■ Task to carry out: Your answer should consist only of the records, copied exactly, with the images removed.

(Source records)
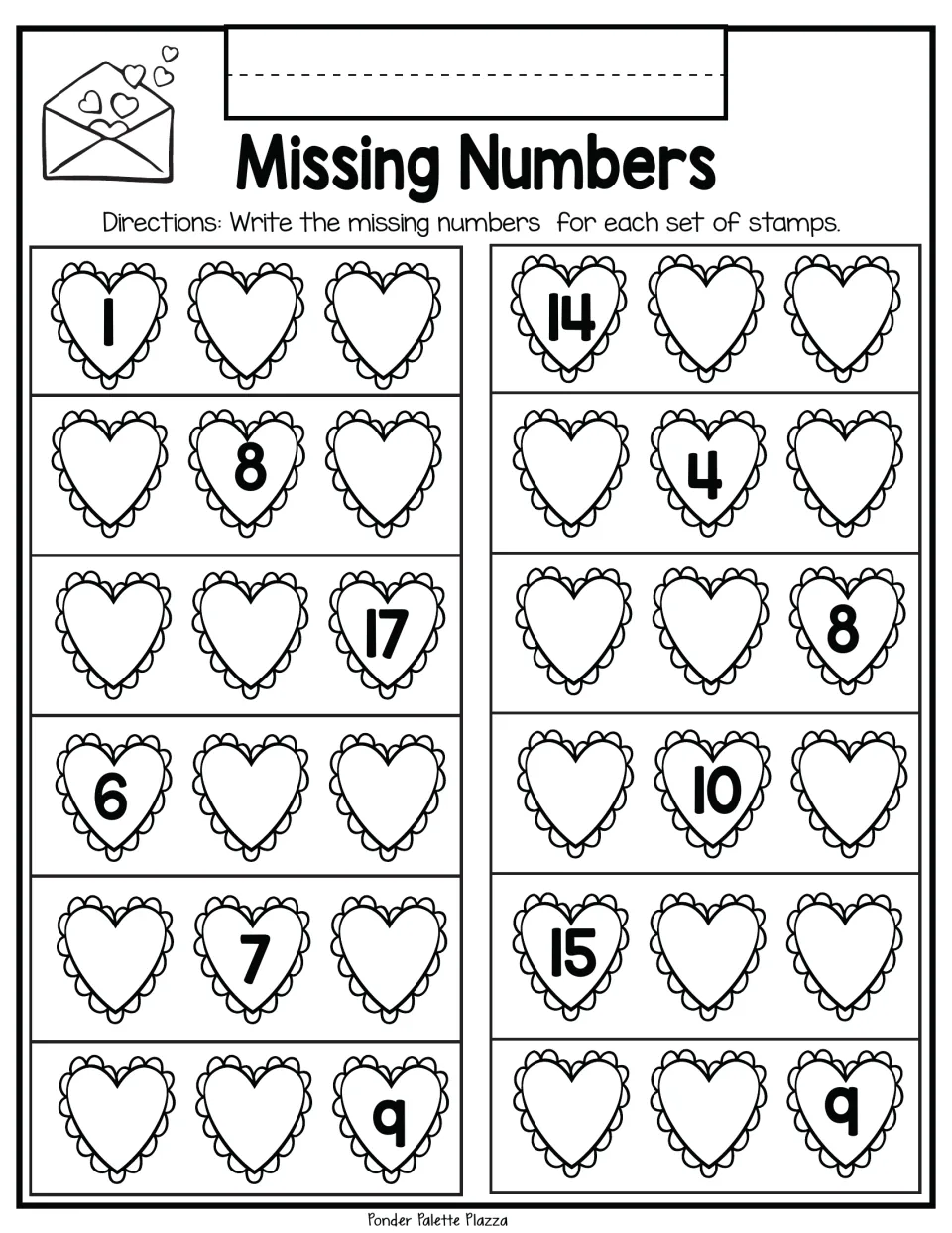 Missing-number practice sheet 9: complete 12 three-number stamp sets, including 1, __, __ and __, 8, __.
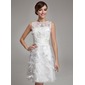 Sheath/Column Scoop Neck Knee-Length Organza Satin Wedding Dress With Feather (002011489) Sheath/Column Scoop Neck Knee-Length Organza Satin Wedding Dress With Feather (002011489)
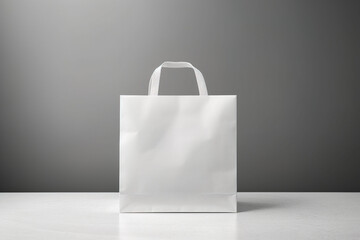 White paper bag mockup with simple dark background using generative AI 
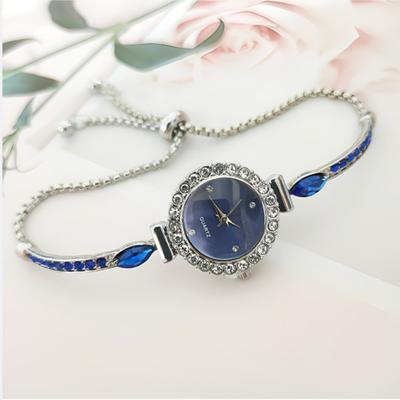 Temperament Thin Belt Diamond-encrusted Women's Watch Colored Diamond Women's Student Pull-out Bracelet Watch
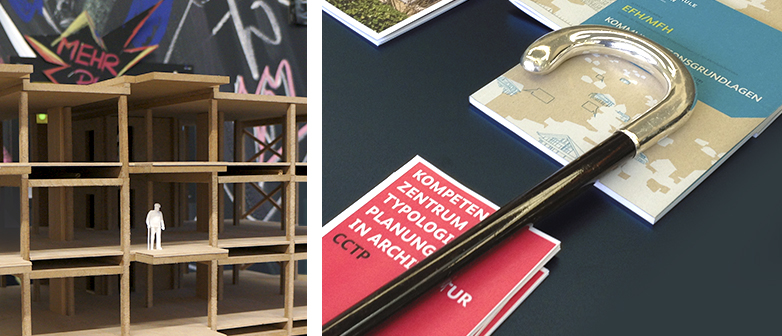 Bildcollage mit Architekturmodell und Gehstock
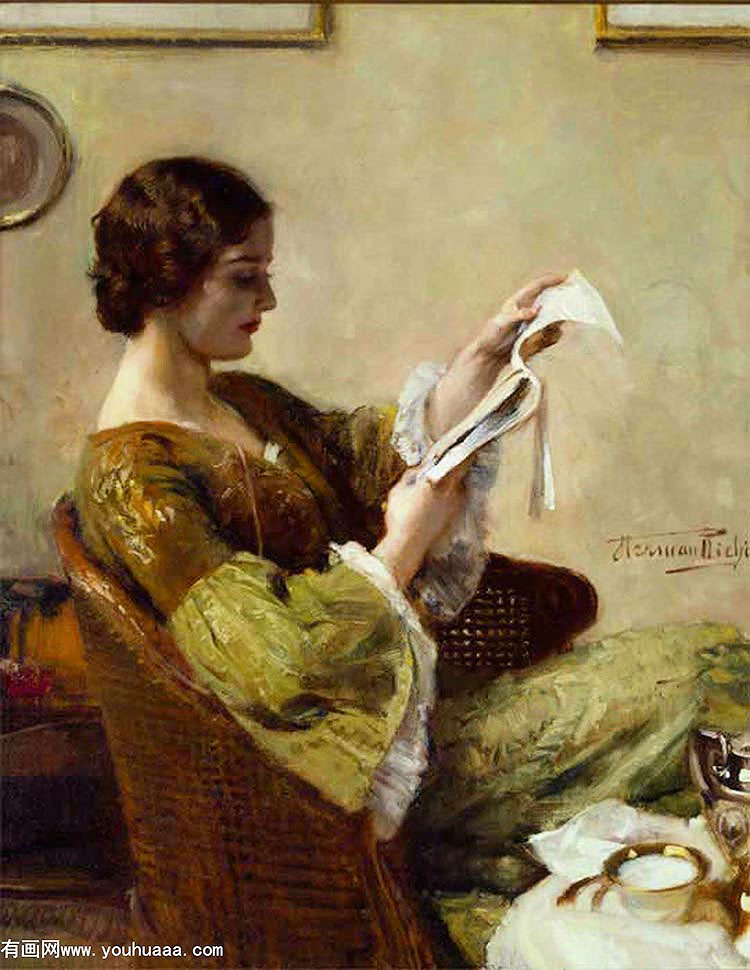 young woman reading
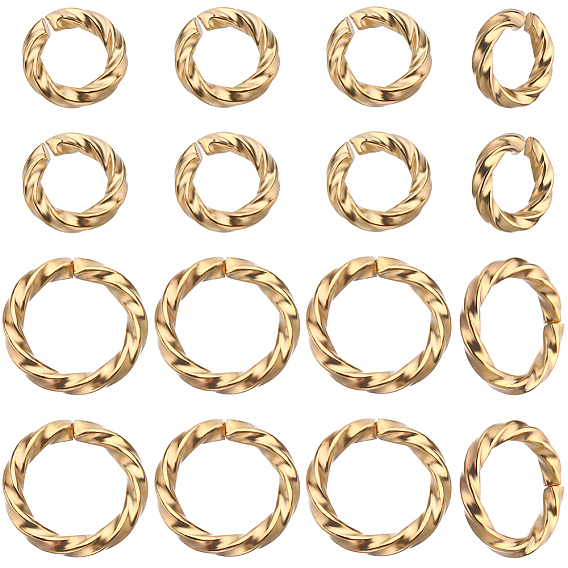 200шт 2 стили латунные открытые соединительные кольца для плетения кольчуги, долговечный, твист кольцо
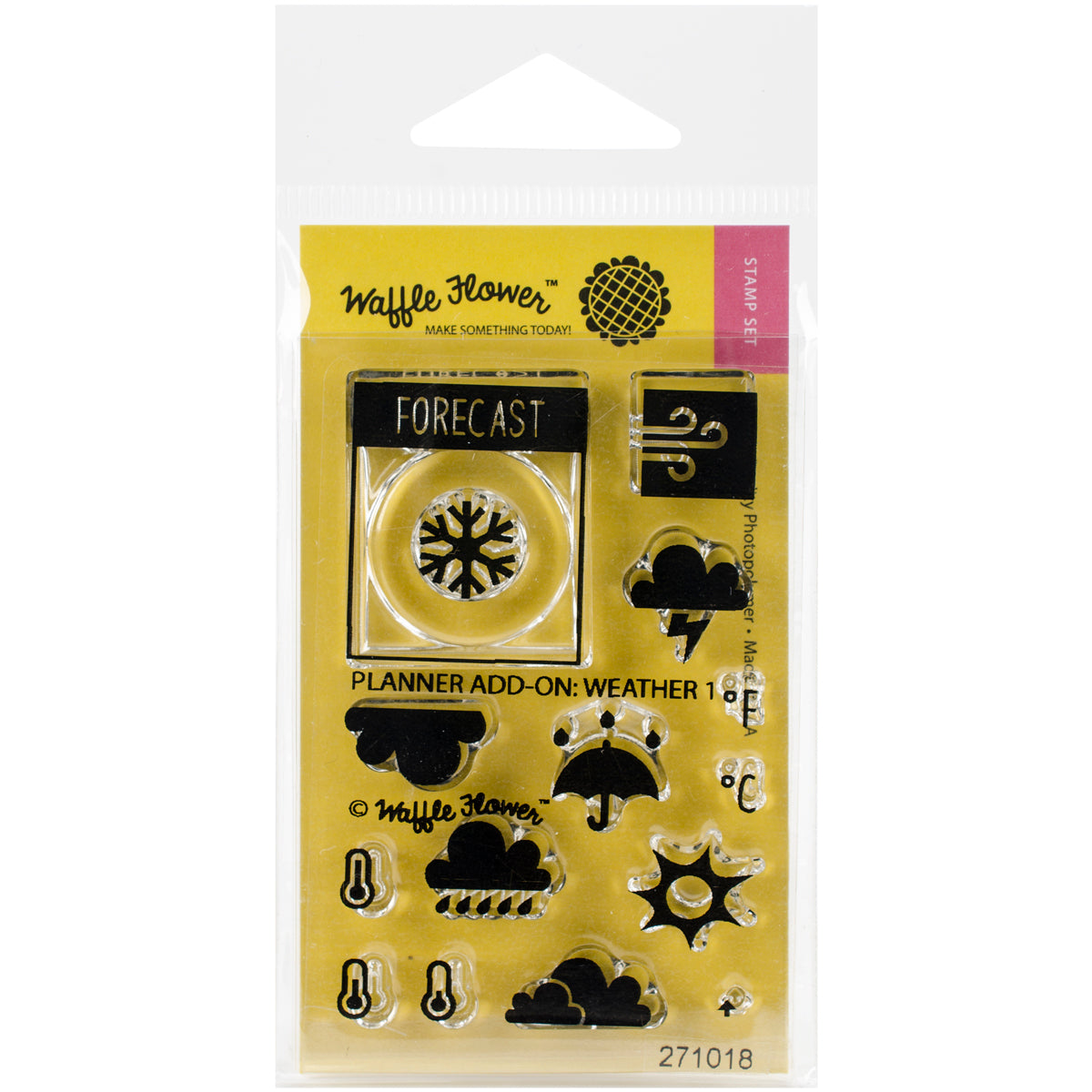 Waffle Flower Crafts Clear Stamps 2"X3" - Planner Add-On: Weather 1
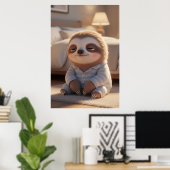 Cute Sleepy Sloth Pajamas Art Poster ポスター (ホームオフィス)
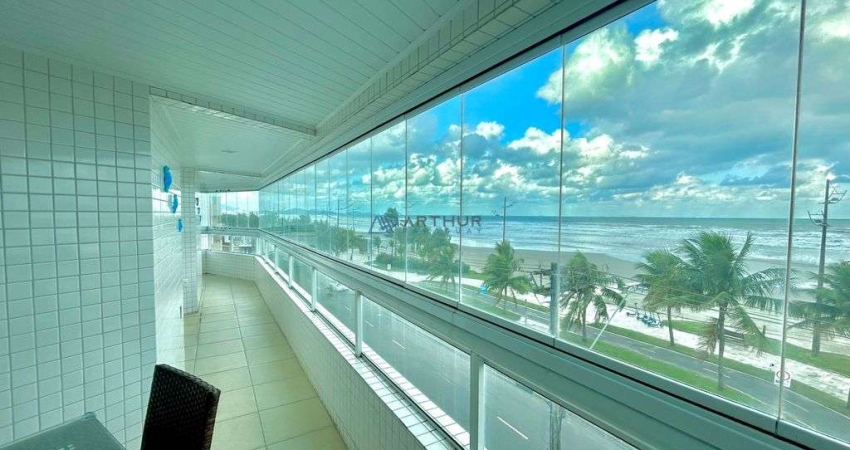 Apartamento à venda em Praia Grande frente mar, mobiliado e com 3 dormitórios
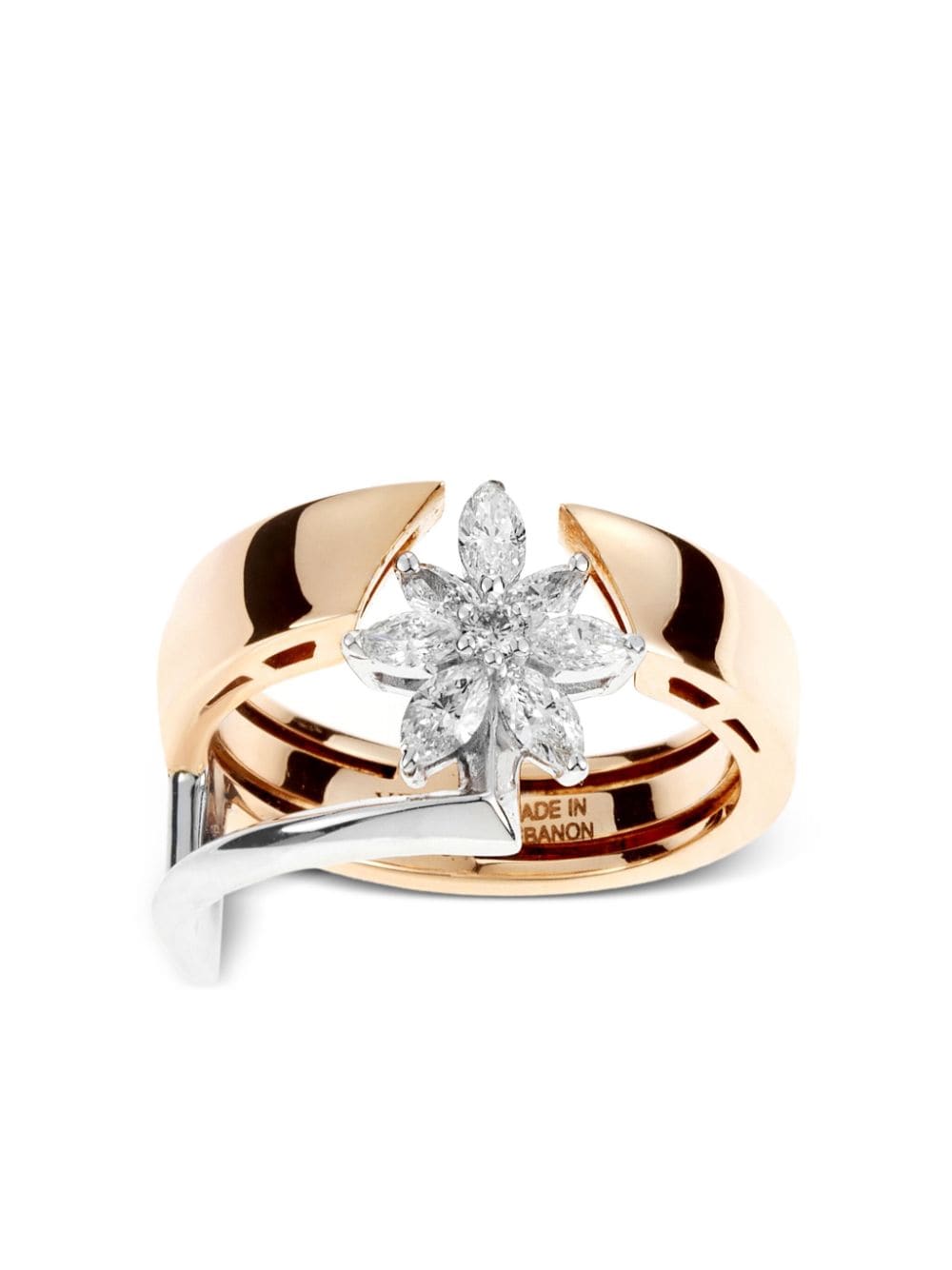 Yeprem 18kt rose gold Electrified diamond ring - Pink von Yeprem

■ Your solution:
 Missing-number practice sheet 9: complete 12 three-number stamp sets, including 1, __, __ and __, 8, __.
 Sheath/Column Scoop Neck Knee-Length Organza Satin Wedding Dress With Feather (002011489) Sheath/Column Scoop Neck Knee-Length Organza Satin Wedding Dress With Feather (002011489)
 White paper bag mockup with simple dark background using generative AI 
 Temperament Thin Belt Diamond-encrusted Women's Watch Colored Diamond Women's Student Pull-out Bracelet Watch
 Bildcollage mit Architekturmodell und Gehstock
 young woman reading
 200шт 2 стили латунные открытые соединительные кольца для плетения кольчуги, долговечный, твист кольцо
 Waffle Flower Crafts Clear Stamps 2"X3" - Planner Add-On: Weather 1
 Cute Sleepy Sloth Pajamas Art Poster ポスター (ホームオフィス)
 Apartamento à venda em Praia Grande frente mar, mobiliado e com 3 dormitórios
 Yeprem 18kt rose gold Electrified diamond ring - Pink von Yeprem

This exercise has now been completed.